I am thinking about either going back to the stock Bontrager rear brake or trying the following two options:

1) TRP T750 or
2) Bontrager Emonda rear brake

frisbie17: Can you please give us some pics and further insight in to the Emonda rear brake?

Cheers


----------



## MMsRepBike (Apr 1, 2014)

I hear the Emonda rear brake is better?

I would sell that bike though if I were you. Seriously. I consider that brake to be a design flaw or mistake or whatever and wouldn't want to deal with it. There's plenty of better or as good bikes out there. 

Sell it now, right now, while it still has some sort of resale value left. That's going to disappear pretty soon.


----------



## spdntrxi (Jul 25, 2013)

it's just a brake... I don't think it's much different then the stock one.. I'm not crazy about the feel compared to the DA front which is so smooth and awesome. I have a DA rear but with the stages powermeter I cannot use it.
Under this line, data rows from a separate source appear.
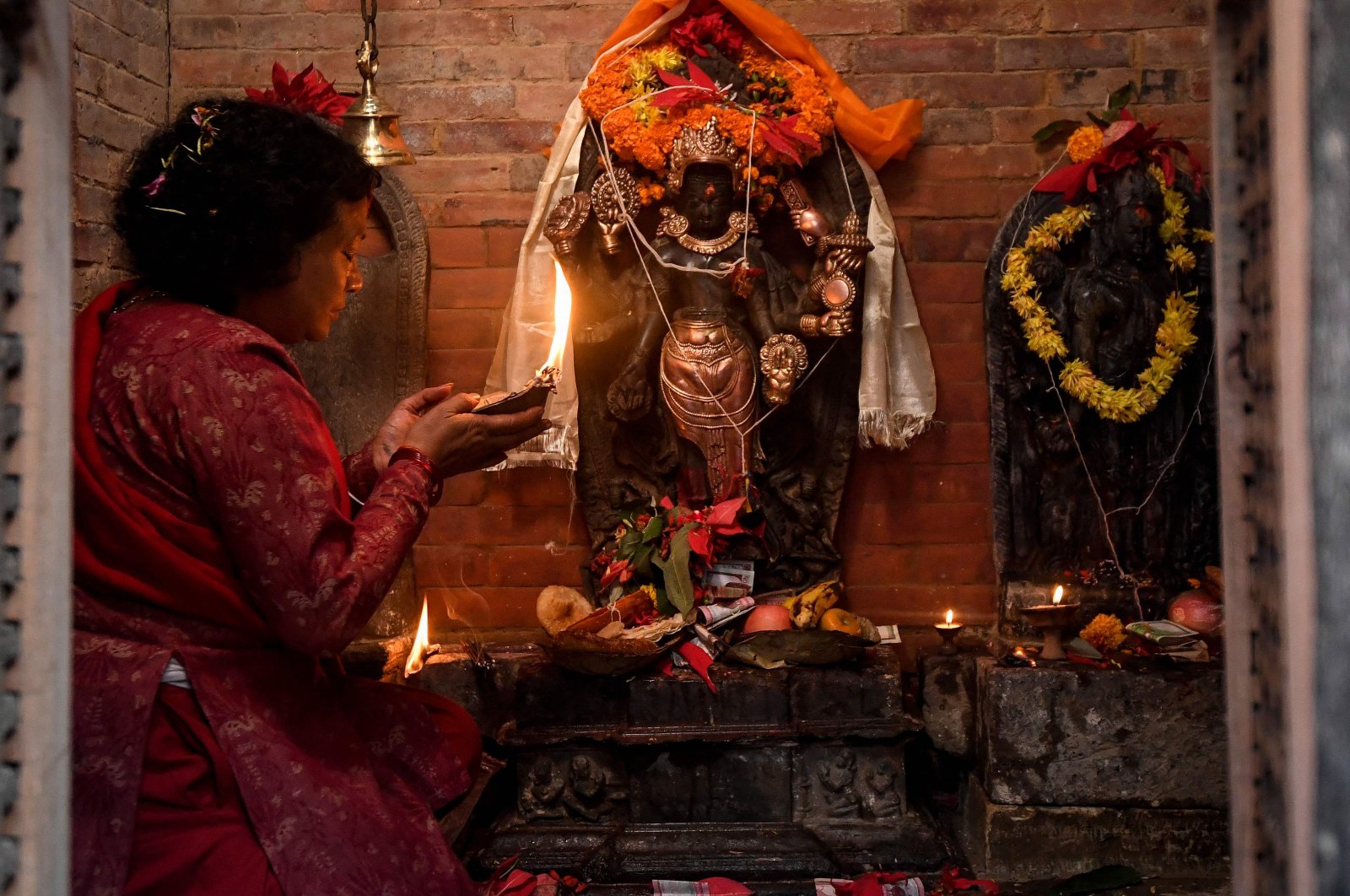 A devotee performs a prayer ritual before a centuries-old sculpture of a Hindu god that was reinstalled nearly 40 years after it was stolen, at its temple in Lalitpur, on the outskirts of Kathmandu, Nepal, Dec. 4, 2021. (AFP Photo)
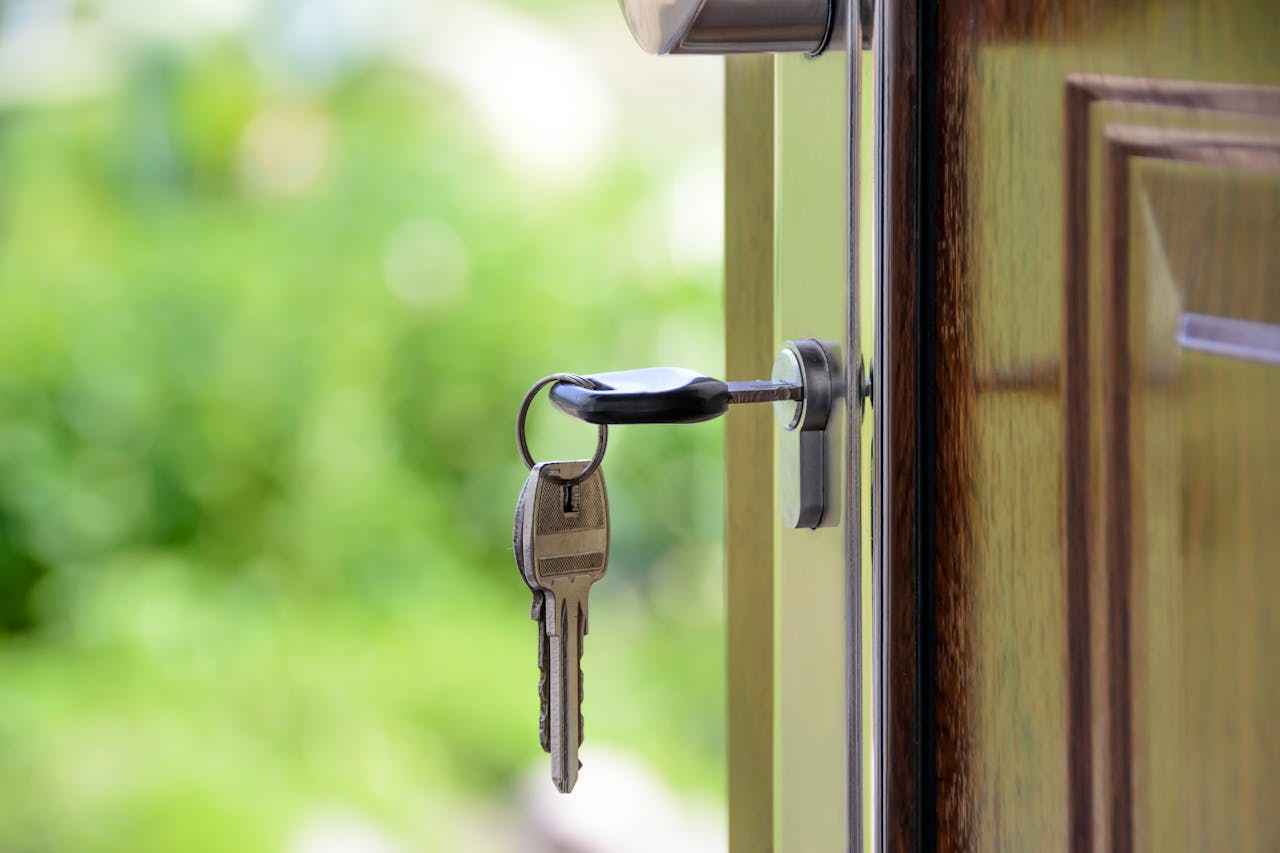 our-services-3 Key inserted in door lock against a blurred green background, symbolizing security and real estate.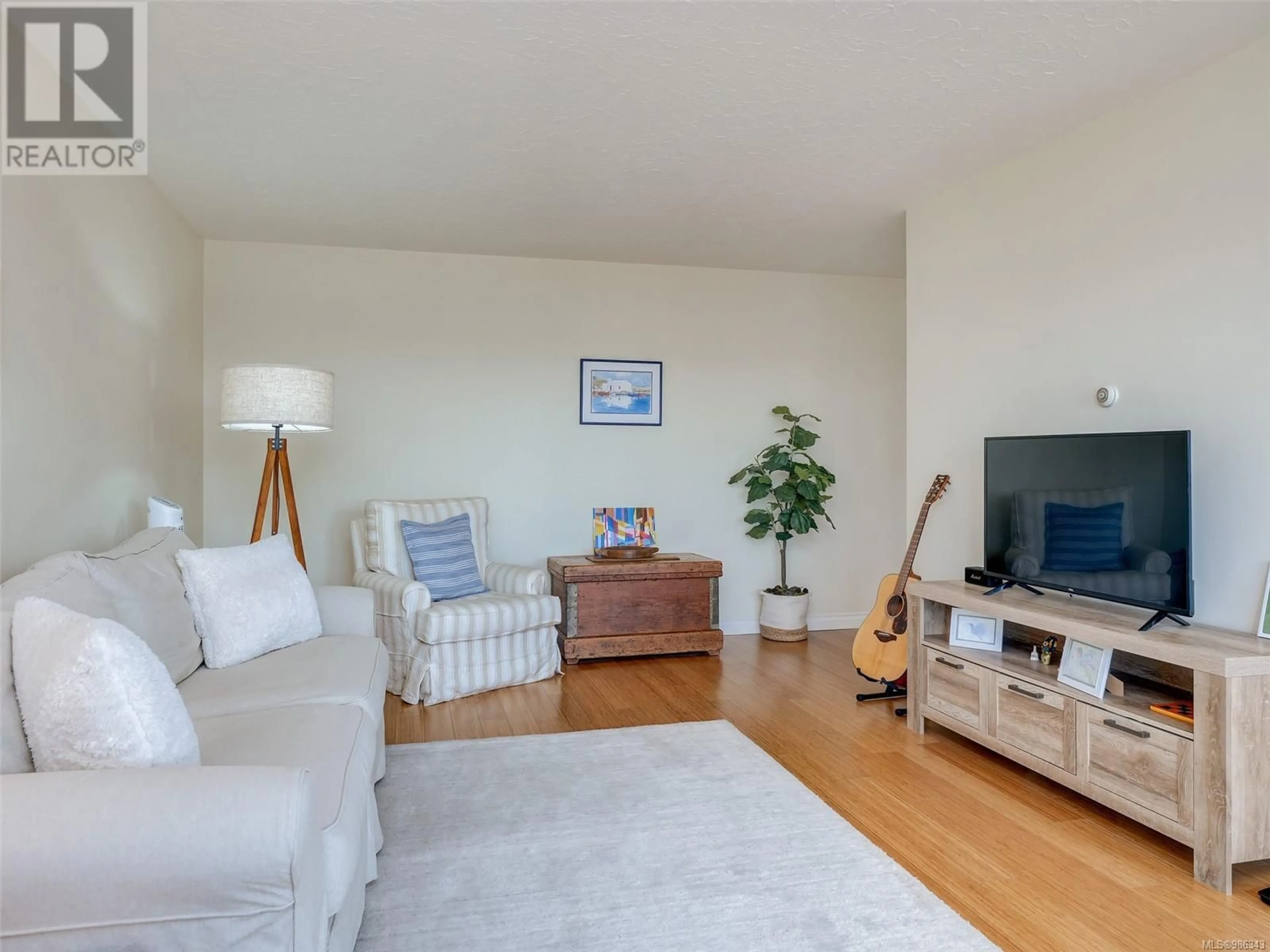 Living room with furniture, wood/laminate floor for 1101 250 Douglas St, Victoria British Columbia V8V2P4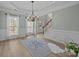 Inviting living room featuring a decorative chandelier, hardwood floors and stylish staircase at 1809 Robbins Meadows Dr, Waxhaw, NC 28173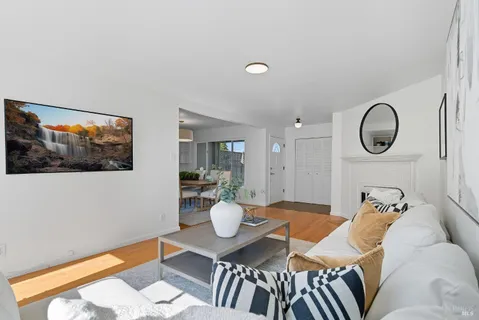 a view of a living room and dining room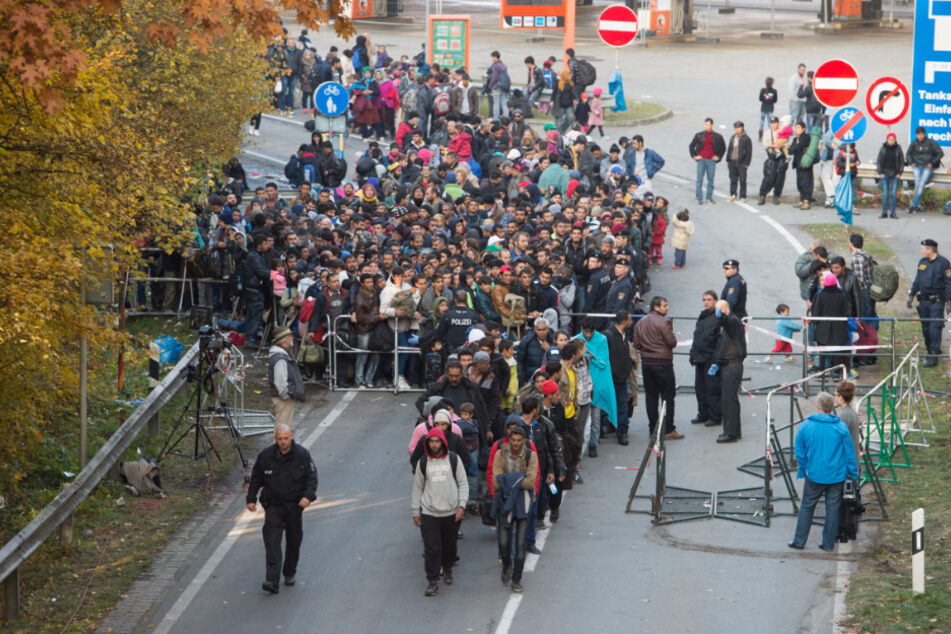 Flüchtlinge überqueren nahe Passau neben einem Polizisten die deutsch-österreichische Grenze. (Archiv)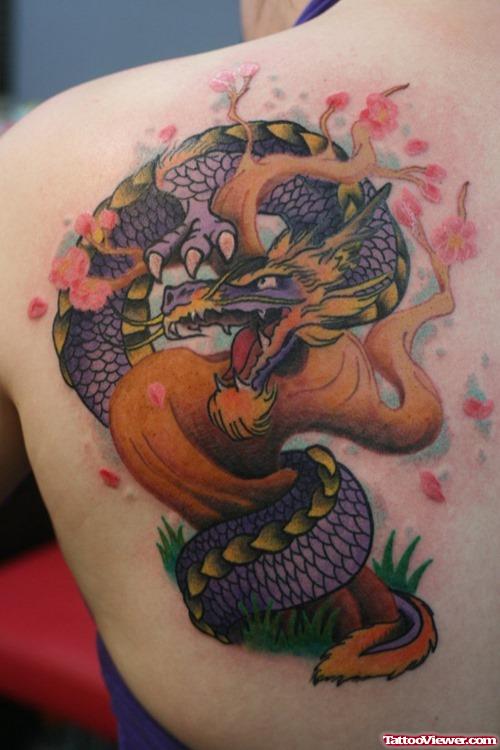Flowers Tree And Dragon Tattoo On Left Back Shoulder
Bummer to hear about you not liking the EE, because I have one of those too, but never got around to installing it. I would not think the Tektro would be a step above the EE...in theory. Yes brakes down there kinda suck as Mmsbike stated. My BMC TT bike has brakes down there and they blow too... but it's a TT bike, so not really concerned.


----------



## dew4rd (Dec 17, 2012)

spdntrxi said:


> View attachment 306575
> 
> 
> it's just a brake... I don't think it's much different then the stock one.. I'm not crazy about the feel compared to the DA front which is so smooth and awesome. I have a DA rear but with the stages powermeter I cannot use it. Bummer to hear about you not liking the EE, because I have one of those too, but never got around to installing it. I would not think the Tektro would be a step above the EE...in theory. Yes brakes down there kinda suck as Mmsbike stated. My BMC TT bike has brakes down there and they blow too... but it's a TT bike, so not really concerned.


Okay thanks for the pic and reply.

I think the Di2 battery could be a problem with that one as well 









Maybe this one could work? TriRig.com - Store


----------



## spdntrxi (Jul 25, 2013)

your EE has a cleaner brake cable run for sure... The tektro has that weird bending piece. As for Di2.. I'm internal battery


----------



## dew4rd (Dec 17, 2012)

Hmmmm, you using the Dura Ace internal battery? How much of a hassle was that to do?

I'm thinking of giving this one a shot: TriRig.com - Store


----------